## Your assignment
From the records below, extract only the lines running from the line with "Ulus Turşu Çubuk" to the line with "ساعت سویستون اتومات در رنگ بندی", both lines included, reproducing them exactly.

*** Opening Data shown ***

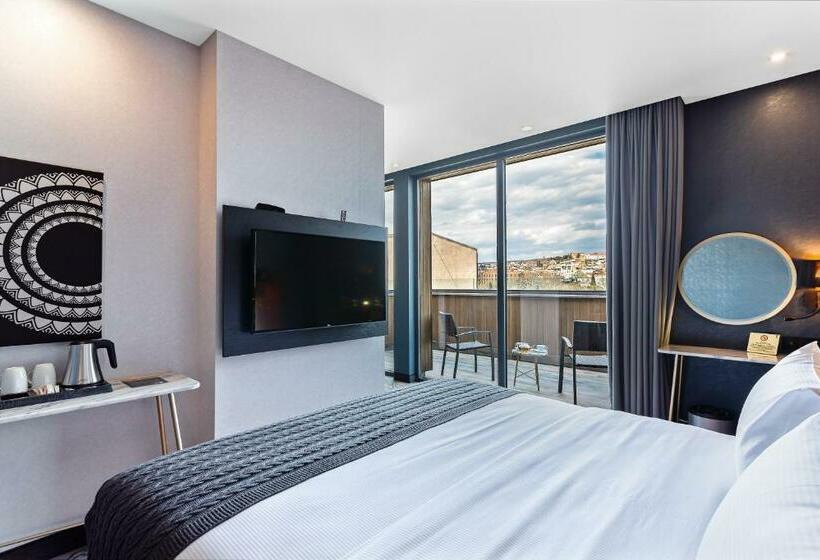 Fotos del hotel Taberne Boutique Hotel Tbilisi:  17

*** Closing Data shown ***
*** Opening Data shown ***

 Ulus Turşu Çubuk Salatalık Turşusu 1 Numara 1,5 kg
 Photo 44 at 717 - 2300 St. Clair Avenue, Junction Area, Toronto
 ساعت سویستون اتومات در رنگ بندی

*** Closing Data shown ***

## Result
 Ulus Turşu Çubuk Salatalık Turşusu 1 Numara 1,5 kg
 Photo 44 at 717 - 2300 St. Clair Avenue, Junction Area, Toronto
 ساعت سویستون اتومات در رنگ بندی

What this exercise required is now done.